### Directions
From top to bottom, restate the entries below word for word.

(Short descriptive text snippets)

○ ○ ○ ○ ○

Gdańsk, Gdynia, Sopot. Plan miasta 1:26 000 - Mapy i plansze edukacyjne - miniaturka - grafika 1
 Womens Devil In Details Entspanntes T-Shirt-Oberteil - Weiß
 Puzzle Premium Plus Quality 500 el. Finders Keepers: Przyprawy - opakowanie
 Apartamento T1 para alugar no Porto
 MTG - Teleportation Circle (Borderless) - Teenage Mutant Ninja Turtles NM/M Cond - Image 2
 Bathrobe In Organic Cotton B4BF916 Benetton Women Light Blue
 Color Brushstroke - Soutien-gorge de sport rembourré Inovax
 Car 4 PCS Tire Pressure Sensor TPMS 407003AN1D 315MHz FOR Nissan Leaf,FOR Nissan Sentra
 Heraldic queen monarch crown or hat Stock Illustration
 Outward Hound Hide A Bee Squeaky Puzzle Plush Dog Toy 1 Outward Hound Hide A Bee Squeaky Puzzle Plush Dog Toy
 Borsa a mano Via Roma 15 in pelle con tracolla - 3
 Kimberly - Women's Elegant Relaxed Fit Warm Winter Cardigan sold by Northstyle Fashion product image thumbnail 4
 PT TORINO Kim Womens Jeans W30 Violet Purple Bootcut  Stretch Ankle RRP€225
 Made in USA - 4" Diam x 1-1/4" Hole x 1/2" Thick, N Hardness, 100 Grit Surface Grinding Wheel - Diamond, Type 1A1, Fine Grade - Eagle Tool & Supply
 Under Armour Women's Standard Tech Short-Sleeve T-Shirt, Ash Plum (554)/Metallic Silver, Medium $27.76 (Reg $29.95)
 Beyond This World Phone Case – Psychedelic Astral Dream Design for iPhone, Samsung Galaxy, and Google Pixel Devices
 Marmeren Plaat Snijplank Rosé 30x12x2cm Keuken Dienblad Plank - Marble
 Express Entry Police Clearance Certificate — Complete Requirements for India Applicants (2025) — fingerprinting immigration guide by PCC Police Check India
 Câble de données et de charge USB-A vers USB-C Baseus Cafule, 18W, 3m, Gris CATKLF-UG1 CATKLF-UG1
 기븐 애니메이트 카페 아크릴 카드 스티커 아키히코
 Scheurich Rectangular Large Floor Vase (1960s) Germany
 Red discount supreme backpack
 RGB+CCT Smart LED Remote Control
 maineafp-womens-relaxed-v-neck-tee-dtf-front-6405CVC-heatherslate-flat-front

○ ○ ○ ○ ○

### Answer to this task
Gdańsk, Gdynia, Sopot. Plan miasta 1:26 000 - Mapy i plansze edukacyjne - miniaturka - grafika 1
 Womens Devil In Details Entspanntes T-Shirt-Oberteil - Weiß
 Puzzle Premium Plus Quality 500 el. Finders Keepers: Przyprawy - opakowanie
 Apartamento T1 para alugar no Porto
 MTG - Teleportation Circle (Borderless) - Teenage Mutant Ninja Turtles NM/M Cond - Image 2
 Bathrobe In Organic Cotton B4BF916 Benetton Women Light Blue
 Color Brushstroke - Soutien-gorge de sport rembourré Inovax
 Car 4 PCS Tire Pressure Sensor TPMS 407003AN1D 315MHz FOR Nissan Leaf,FOR Nissan Sentra
 Heraldic queen monarch crown or hat Stock Illustration
 Outward Hound Hide A Bee Squeaky Puzzle Plush Dog Toy 1 Outward Hound Hide A Bee Squeaky Puzzle Plush Dog Toy
 Borsa a mano Via Roma 15 in pelle con tracolla - 3
 Kimberly - Women's Elegant Relaxed Fit Warm Winter Cardigan sold by Northstyle Fashion product image thumbnail 4
 PT TORINO Kim Womens Jeans W30 Violet Purple Bootcut  Stretch Ankle RRP€225
 Made in USA - 4" Diam x 1-1/4" Hole x 1/2" Thick, N Hardness, 100 Grit Surface Grinding Wheel - Diamond, Type 1A1, Fine Grade - Eagle Tool & Supply
 Under Armour Women's Standard Tech Short-Sleeve T-Shirt, Ash Plum (554)/Metallic Silver, Medium $27.76 (Reg $29.95)
 Beyond This World Phone Case – Psychedelic Astral Dream Design for iPhone, Samsung Galaxy, and Google Pixel Devices
 Marmeren Plaat Snijplank Rosé 30x12x2cm Keuken Dienblad Plank - Marble
 Express Entry Police Clearance Certificate — Complete Requirements for India Applicants (2025) — fingerprinting immigration guide by PCC Police Check India
 Câble de données et de charge USB-A vers USB-C Baseus Cafule, 18W, 3m, Gris CATKLF-UG1 CATKLF-UG1
 기븐 애니메이트 카페 아크릴 카드 스티커 아키히코
 Scheurich Rectangular Large Floor Vase (1960s) Germany
 Red discount supreme backpack
 RGB+CCT Smart LED Remote Control
 maineafp-womens-relaxed-v-neck-tee-dtf-front-6405CVC-heatherslate-flat-front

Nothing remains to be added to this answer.